It's pretty wild how PC is better than console in almost every way but nothing beats playing a real snes on your couch with an old CRT


----------



## Spandaman (Mar 4, 2021)

Seliph said:


> It's pretty wild how PC is better than console in almost every way but nothing beats playing a real snes on your couch with an old CRT



I agree but must admit SMW on my 55" is still pretty damn cool lol


----------



## Xzi (Mar 4, 2021)

Seliph said:


> It's pretty wild how PC is better than console in almost every way but nothing beats playing a real snes on your couch with an old CRT


1440p monitor + 4K TV + small CRT, best of all worlds.


----------



## Taleweaver (Mar 4, 2021)

WiiMiiSwitch said:


> i'm NOT IGNORING, I'M POLITELY DECLINING


You sound like my girlfriend, dude ('I' M NOT SHOUTING. I'M JUST STATING MY OPINION AS FACT '). 

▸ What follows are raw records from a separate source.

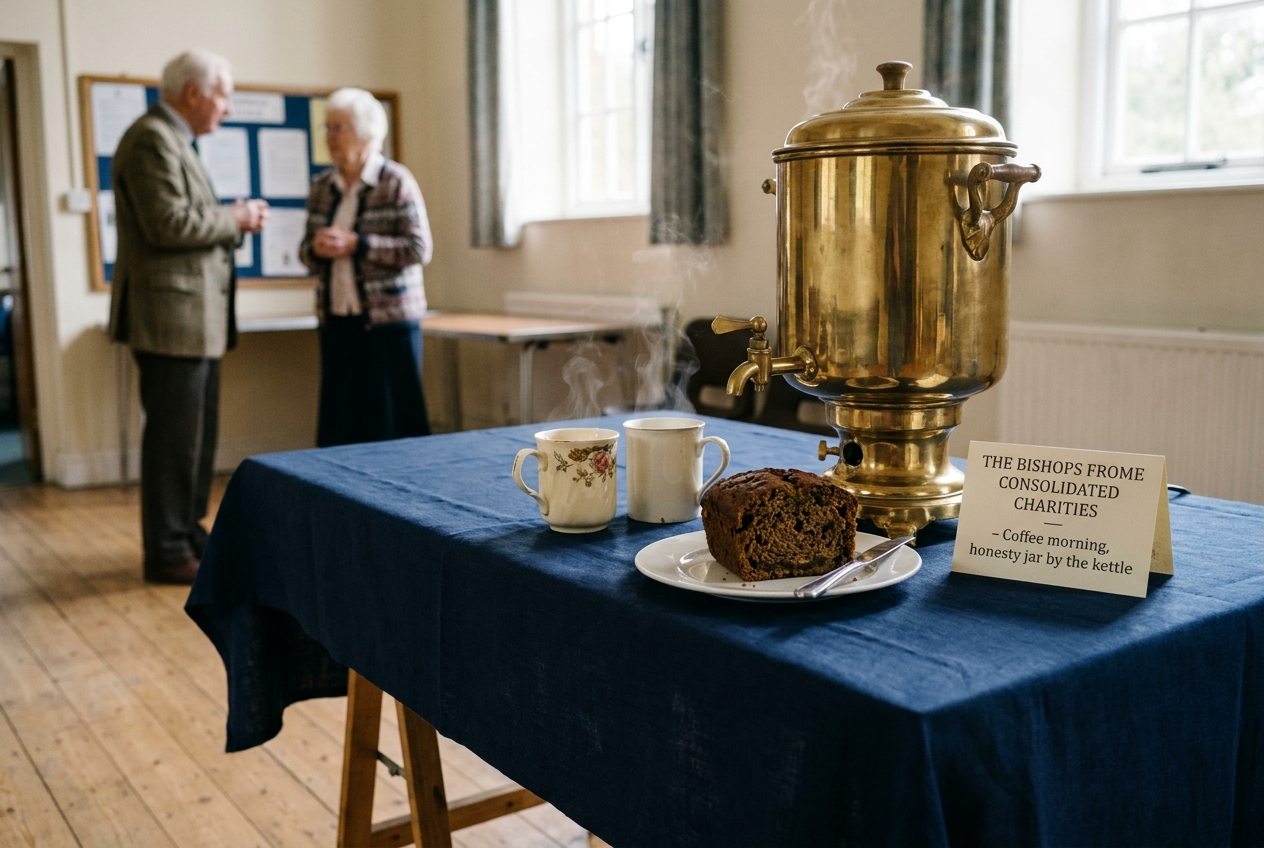 A village hall coffee morning, urn steaming, a slice of bara brith on a plate.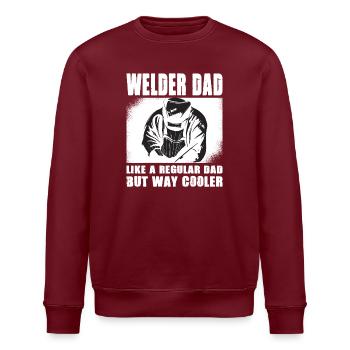 Schweißer Spruch Geschenke Für Metallbauer  - Stanley/Stella Unisex Bio-Sweatshirt ROLLER - Burgunderrot - Vorne - Nik (191cm)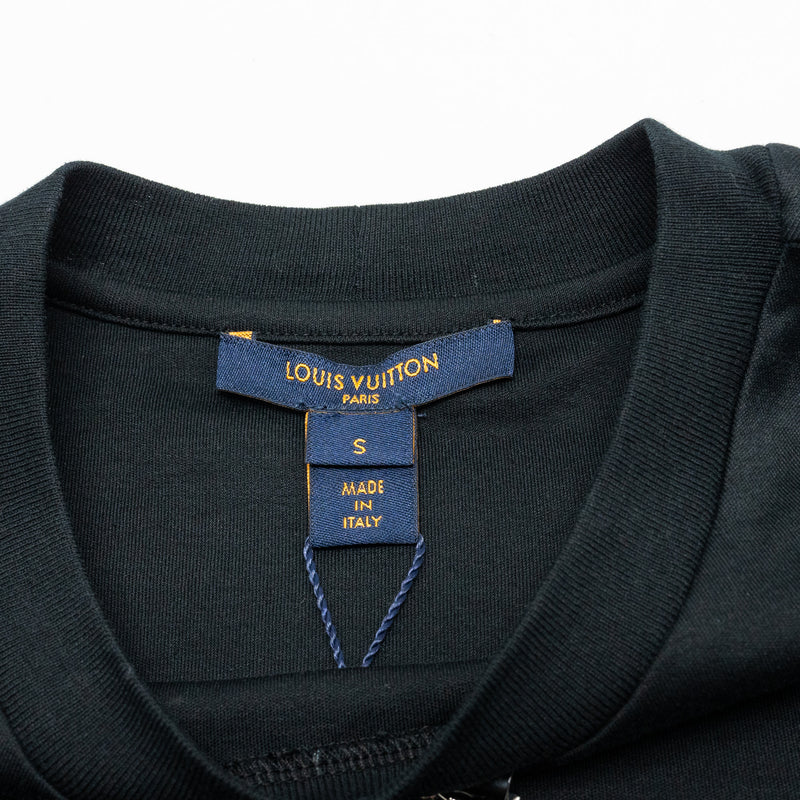 Louis Vuitton Size S Color Block Logo Embroidered Cotton Black/White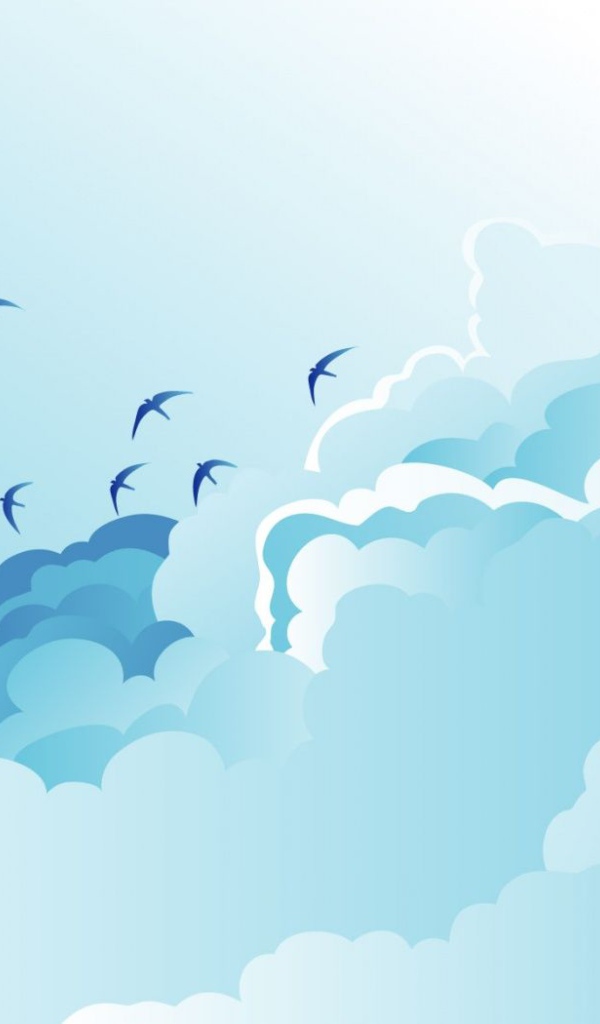 Чайки в облаках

Anyway... From the comments, I think I'm joining the majority in saying I want both. PC doesn't have that ' generations ' bullshit and just plays everything (including past console games if you count emulators... Which I do), there's a much larger library and it doesn't clog up the television (there's a reason I keep my WiiU around).
Consoles usually have better games (granted : I only care for Nintendo, but I presume other gamers make the same arguments for their choice) and they're plug and play. No need to rebind keys, have umpteen versions of .Net of directx installed or weird crashes because your computer uses different hardware than most other people.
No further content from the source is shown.